Wie Theo Schöller zum «Eiskönig» aufstieg

3.9.2008, 00:00 Uhr
Wie Theo Schöller zum «Eiskönig» aufstieg

© Aus dem besprochenen Buch

Der Aufstieg Theo Schöllers ist oft und detailliert erzählt worden. In vielen Artikeln, die zu runden Geburtstagen des Nürnberger Selfmade-Unternehmers oder zu Firmenjubiläen erschienen sind. Sehr viel Neues über den Menschen Schöller und sein Werk ist auch auf den 192 Seiten der Biografie nicht zu erfahren - was wohl auch an der typisch fränkischen Zurückhaltung der Unternehmer-Familie liegt.

Der Erlanger Historiker Gregor Schöllgen hat sich mit Firmen-Geschichten ein zusätzliches, lukratives Standbein geschaffen: Er gründete das «Zentrum für Angewandte Geschichte», in dem ein Team mit der Aufarbeitung diverser Unternehmensarchive beschäftigt ist. Entstanden ist so bereits Schöllgens Buch über Leben und Werk Karl Diehls sowie ein Band über den Coburger Automobil-Zulieferer Brose.

Das «Zentrum» spielt Geld ein, weil die Firmen in der Regel für die Aufbereitung ihrer Geschichte zahlen. Schöllgen sieht in dieser sich selbst finanzierenden Art von Wissenschaft ein Modell, an dem sich seine Uni-Kollegen messen lassen müssten. «Wer sich mit dem, was er als Forscher denkt und tut, nicht grundsätzlich auch auf dem freien Markt positionieren kann, muss sich die Frage nach der Legitimation seines Tuns und damit nach der Berechtigung seiner Alimentierung durch die öffentliche Hand gefallen lassen», sagte er 2007 in einem Vortrag - und erntete mit dieser marktliberalen Position heftigsten Widerspruch anderer Erlanger Geisteswissenschaftler.

«Wundermacher» im Blick

Im Wintersemester 2008/09 hält Schöllgen an der Uni eine Lehrveranstaltung über «Die Wundermacher: Frankens Unternehmer und die deutsche Wirtschaft seit dem Zweiten Weltkrieg». Es geht um die Herzogenauracher «Turnschuh-Brüder» Dassler, Karl Diehl, die Brüder Schaeffler, Gustav Schickedanz - und eben auch um Theo Schöller, allesamt fränkische Akteure des «Wirtschaftswunders».

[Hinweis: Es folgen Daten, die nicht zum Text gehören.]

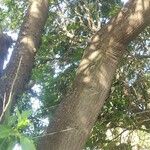 Erythrina amazonica Azala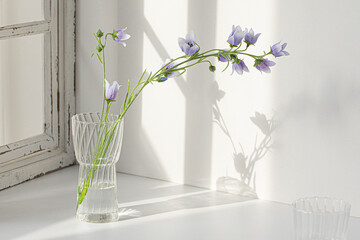 vase of flower in front of window.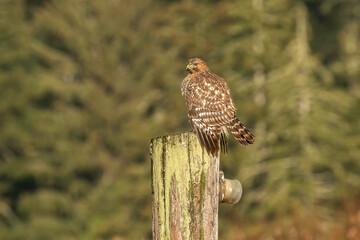 Red-shouldered Hawk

«Kinder, wenn ihr euch je einmal selbstständig machen solltet, dann wählt ein ,fressendes Geschäft‘, denn essen müssen die Leute immer», schärfte Mutter Schöller ihren beiden Söhnen Karl und Theo ein, nachdem das Schreinergeschäft ihres Vaters in der Hyper-Inflation der Weimarer Republik zusammengebrochen war. Und die beiden hielten sich an den Rat. Nach einem Ausflug in die Kinowerbung meldete Karl, der ältere Bruder, ein Gewerbe zur «Herstellung von Eiskrem» an.

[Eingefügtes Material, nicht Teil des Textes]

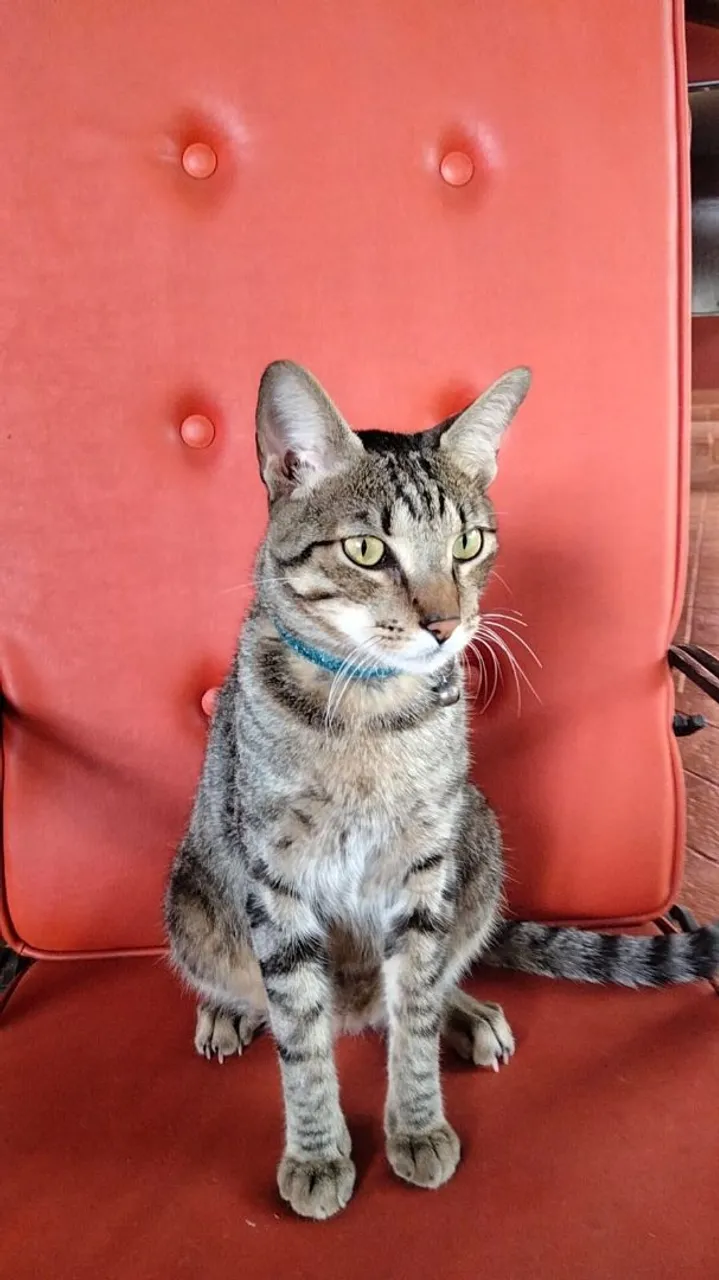 Procura-se um lar amigo de gatos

Entdeckt hatte die Marktlücke Theo: «Es war ein zylinderförmiges Stück Vanille-Eis am Stiel, in Stanniolpapier gewickelt, das aus ei-nem Bauchladen an die Vorstellungsbesucher verkauft wurde», erinnerte er sich später an seine erste Begegnung mit Eis am Stiel während eines Berlin-Besuchs im Variete «Scala» 1935. Gerade mal 18 Jahre alt war Theo Schöller da.

Das Geschäft lief rasch glänzend. Zug um Zug kam Schöller jener Aussage nahe, die er damals im Freundeskreis machte: «Ich möchte mal Eis fabrikmäßig in solchen Mengen herstellen und in allen Geschmacksrichtungen in eigenen Lkw-Kolonnen in ganz Deutschland vertreiben. Da liegt Zukunft drin, wenn mer’s richtig anpackt.»

Er packte es richtig an, vor allem nach dem Krieg, in dem er sechsmal verletzt wurde und seine Familie nahezu alles Hab und Gut verlor. An der Bucher Straße (nicht an der «Bucherstraße», wie es im Buch konsequent falsch heißt) entstand das immer weiter wachsende Firmen-Areal. Die Brüder versorgten nach dem Krieg kurzzeitig auch Schulen mit Essen und starteten in den «Buchersälen» das bis 1958 florierende «Neue Theater» mit Bällen oder Operetten- und Theater-Gastspielen, die Stars wie Heinz Rühmann, Hans Albers oder Theo Lingen nach Nürnberg brachten.

1955 vollzog Theo Schöller den Bruch mit seinem Bruder Karl, einem «klassischen Konjunkturritter» (Schöllgen) und Bonvivant, der 1961 mit nur 47 Jahren starb. Unterstützung erfuhr er von einer Frau, die 1941 als 17-Jährige ins noch kleine Unternehmen eingetreten war: Friedl Hönle, die 1968 seine zweite Frau wurde und heute noch die Aktivitäten der 1988 ins Leben gerufenen «Theo und Friedl Schöller Stiftung» leitet.

Tipps von der Chefin

Schöllgen zeichnet chronologisch nach, wie das Eis-Imperium durch Zukäufe und Kooperationen (Mövenpick) wuchs und zuletzt an den Nestle-Konzern veräußert wurde. Und er streicht ein Erfolgsrezept des Unternehmer-Paares Schöller heraus: die enge Bindung der Mitarbeiter an «ihre» Firma - durch Geschenke und Prämien, aber auch durch intensive Kontakte. Viele Beschäftigte bekamen zum Beispiel den Ratgeber «Hallo Hausfrau, hallo Hausmann. Das schlaue Buch für alle Tage, erspart Zeit, Geld und manche Plage», geschrieben von Regine Friedl - ein Pseudonym, hinter dem sich Friedl Schöller verbarg.

«Gutes zu tun war sein Lebenselixier - Bescheidenheit war seine Größe»: So steht es auf dem Grabstein des am 23. Juni 2004 gestorbenen Unternehmers und Mäzens, der viel für seine Heimatstadt Nürnberg tat. In Schöllgens Buch, bebildert mit teils bisher unbekannten Fotos aus dem Firmenarchiv, ist auch dieses Engagement der Schöllers nachzulesen.

Gregor Schöllgen: «Der Eiskönig. Theo Schöller - Ein deutscher Unternehmer. 1917-2004», München 2008, Verlag C. H. Beck, 190 Seiten, 19,90 Euro.